Looking into the Data collected by your Oura Ring

The Oura Ring allows you to measure vital signs during sleep such as heart rate and temperature. Here we will look into how we can visualize this data.

As usual, below comes the boilerplate to find the actual Oura data on Open Humans. Don't worry much about this at this point. If you haven't connected your Oura account to Open Humans this will fail. Go here to connect your account.

In [1]:
from ohapi import api
import os
import requests
import tempfile

user_details = api.exchange_oauth2_member(os.environ.get('OH_ACCESS_TOKEN'))
for i in user_details['data']:
    if i['source'] == 'direct-sharing-184' and i['basename'] == 'oura-data.json':
        break
import json 
oura = json.loads(requests.get(i['download_url']).content)
{'id': 613774, 'basename': 'oura-data.json', 'created': '2018-12-20T00:01:23.868874Z', 'download_url': 'https://open-humans-production.s3.amazonaws.com/member-files/direct-sharing-184/638807d4-03ea-11e9-b9ba-9ae77634d62c/oura-data.json?AWSAccessKeyId=AKIAIKNTFUJJTNS6N7HA&Signature=piLYIgp7aV%2FsoppRPI7EqlfZ07U%3D&Expires=1545333134', 'metadata': {'tags': ['oura', 'activity', 'temperature', 'sleep'], 'description': 'Oura records'}, 'source': 'direct-sharing-184'}

Now that we have stored our data in the oura variable, what's our Oura profile and what are the data we have?

In [2]:
print('we have data on the following things:')
print(oura.keys())
print('\nour profile is:')
print(oura['profile'])
we have data on the following things:
dict_keys(['profile', 'sleep', 'activity', 'readiness'])

our profile is:
{'height': 180, 'weight': 65, 'gender': 'male', 'age': 33, 'user_id': 'FGNPISER7IN7W4N3KTYVVFAI5EONLDXB', 'date': '2018-12-19'}

Besides our profile we can ask for our sleep, our activity and our readiness.

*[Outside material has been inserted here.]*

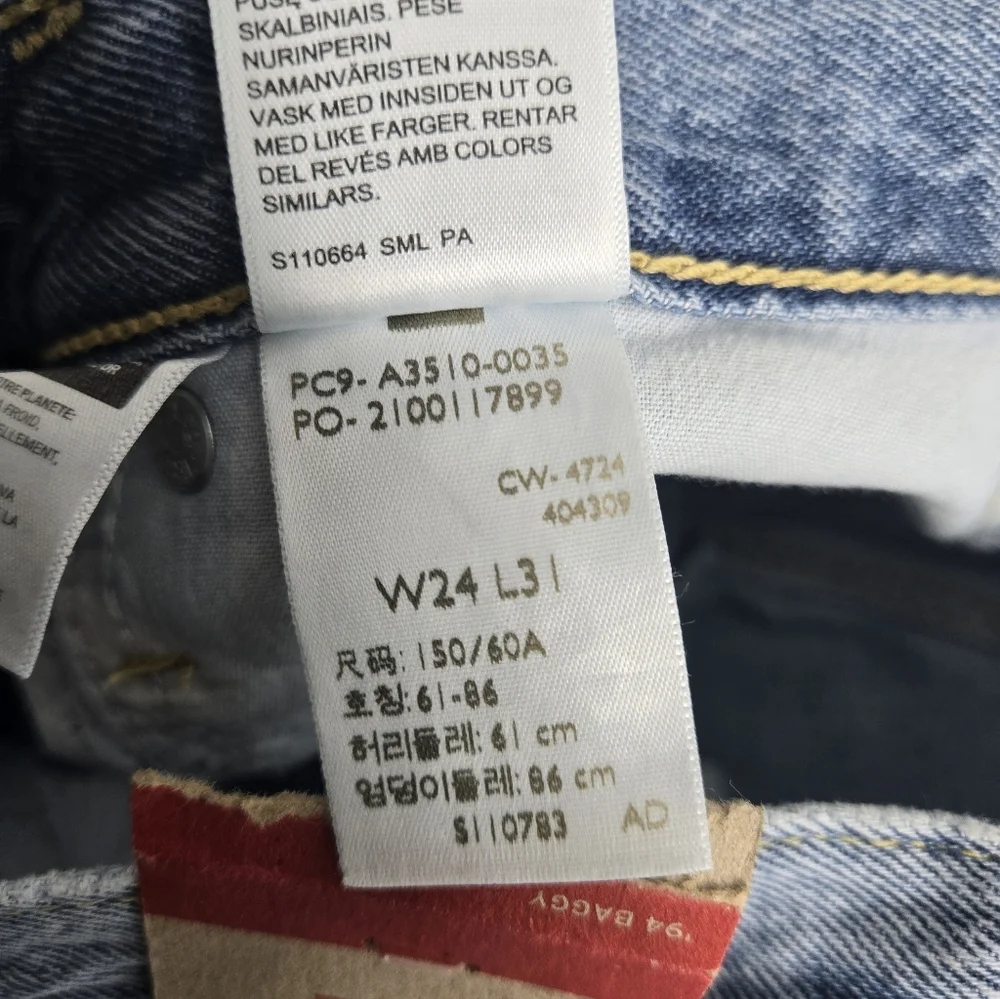 NEW Levis 94 Baggy Jeans 24W - Picture 6 of 10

Now comes the obligatory data conversion to make this JSON file into a nice table. We don't use much of it for now, but rather stick to the 5 minute heart-rate intervals:

In [3]:
dates = []
hrs = []
interval = []
for sdate in oura['sleep']:
    if 'hr_5min' in sdate.keys():
        for i,hr_val in enumerate(sdate['hr_5min']):
            interval.append(i)
            hrs.append(hr_val)
            dates.append(sdate['summary_date'])
import pandas as pd
dataframe = pd.DataFrame(
    data = {
        'date': dates,
        'heart_rate': hrs,
        'interval': interval
    }
)

Post-conversion our table looks like this

In [4]:
dataframe.tail()
Out[4]:
date heart_rate interval
4132 2018-12-18 0 86
4133 2018-12-18 64 87
4134 2018-12-18 67 88
4135 2018-12-18 0 89
4136 2018-12-18 0 90

Heart Rate intervals measured during sleep

Let's check the nightly heart rate that's measured in 5 minute intervals. What's the distribution of it?

In [5]:
%load_ext rpy2.ipython
In [6]:
%%R -i dataframe -w 10 -h 4 --units in -r 200
library(ggplot2)

ggplot(subset(dataframe,dataframe$heart_rate>0), aes(heart_rate)) + geom_density() + theme_minimal()

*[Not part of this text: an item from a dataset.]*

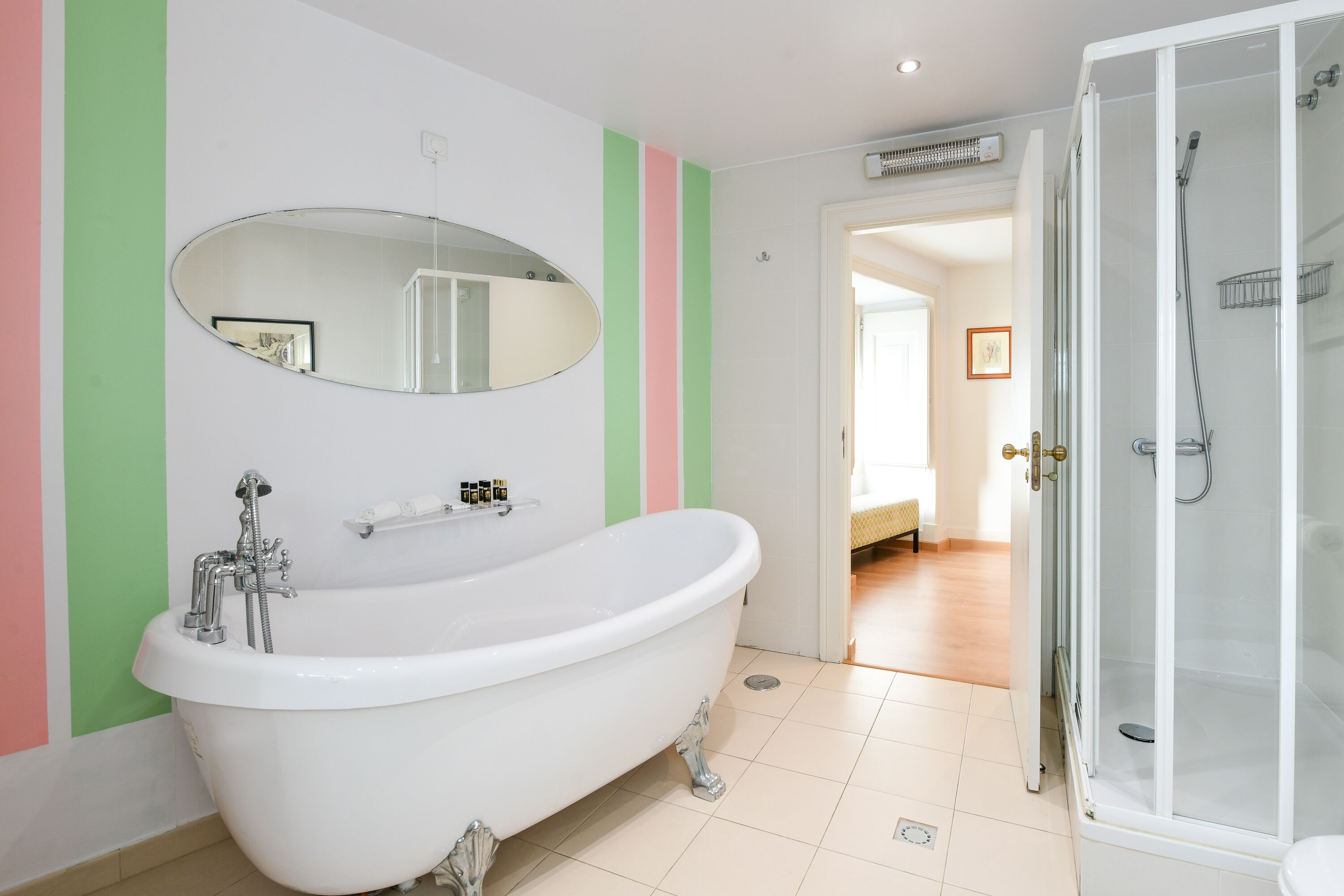 grand double room | bathroom | free toiletries, hair dryer, bathrobes, slippers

Looks somewhat poisson-ic to me, with a peak at around 62-63 beats per minute. But let's see how these values differ over time 5 minutes interval starting off with going to sleep into later at the night and whether there's some difference between weekdays and weekends:

(DEPENDING ON HOW MUCH DATA YOU HAVE IT MIGHT TAKE A WHILE TO PRODUCE THE PLOT BELOW!)

In [41]:
%%R -i dataframe -w 8 -h 4 --units in -r 200
library(ggplot2)
library(lubridate)
library(plyr)
dataframe <- subset(dataframe,dataframe$heart_rate > 0 )
dataframe$date <- as.Date(dataframe$date)
dataframe$weekday <- wday(dataframe$date, label=TRUE)
dataframe$year <- year(dataframe$date)
dataframe$weekend <- dataframe$weekday %in% c('Sun','Sat')

dataframe$weekend <- ifelse(dataframe$weekend == TRUE, "weekend", "weekday")
ggplot(dataframe,aes(dataframe$interval, dataframe$heart_rate,group=date)) + 
    geom_line(alpha=0.1) + 
    stat_smooth(data=dataframe,aes(interval,heart_rate,group=weekend), method='loess') + 
    theme_minimal() + facet_grid(. ~ weekend) + scale_x_continuous('interval') + scale_y_continuous('heart rate')

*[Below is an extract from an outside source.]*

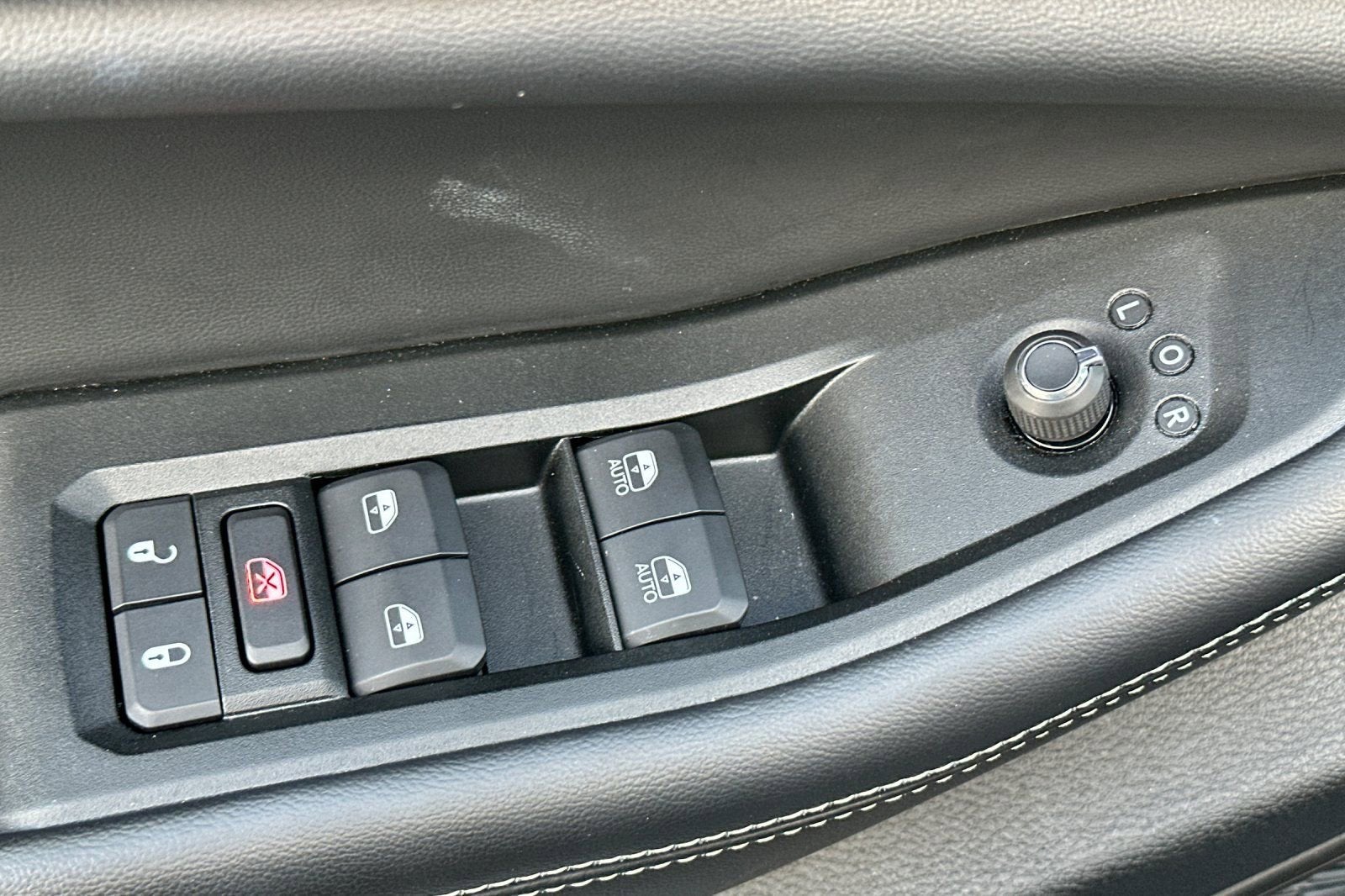 2025 Jeep Grand Cherokee L Altitude X 4x2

We see, there's a lot of noise over all the nights we tracked our heart rate during sleep, but there seems to be a minor trend for the Heart Rate to drop in later measured intervals, just as Oura themselves highlight.

Body Temperature

Another kind of data the Oura Ring is collecting is your Body Temperature, giving you one relative measurement per day. E.g. did your Body Temperature today increase or decrease in comparison to the historic data?

To look into those we can first extract those data from the oura variable that contains all of our data:

In [29]:
sleep_dates = []
temperature_delta = []
for i in oura['sleep']:
    sleep_dates.append(i['summary_date'])
    temperature_delta.append(i['temperature_delta'])

sleep_df = pd.DataFrame(
    data = {
        'date': sleep_dates,
        'temperature_delta': temperature_delta,
    }
)

With this we can now plot our body temperature variation over time and see whether we find any trends. To also look in Weekend/Weekday variability we also annotate the dates again:

In [43]:
%%R -i sleep_df -w 8 -h 4 --units in -r 200
library(ggplot2)
library(lubridate)
library(plyr)

sleep_df$date <- as.Date(sleep_df$date)
sleep_df$weekday <- wday(sleep_df$date, label=TRUE)
sleep_df$year <- year(sleep_df$date)
sleep_df$weekend <- sleep_df$weekday %in% c('Sun','Sat')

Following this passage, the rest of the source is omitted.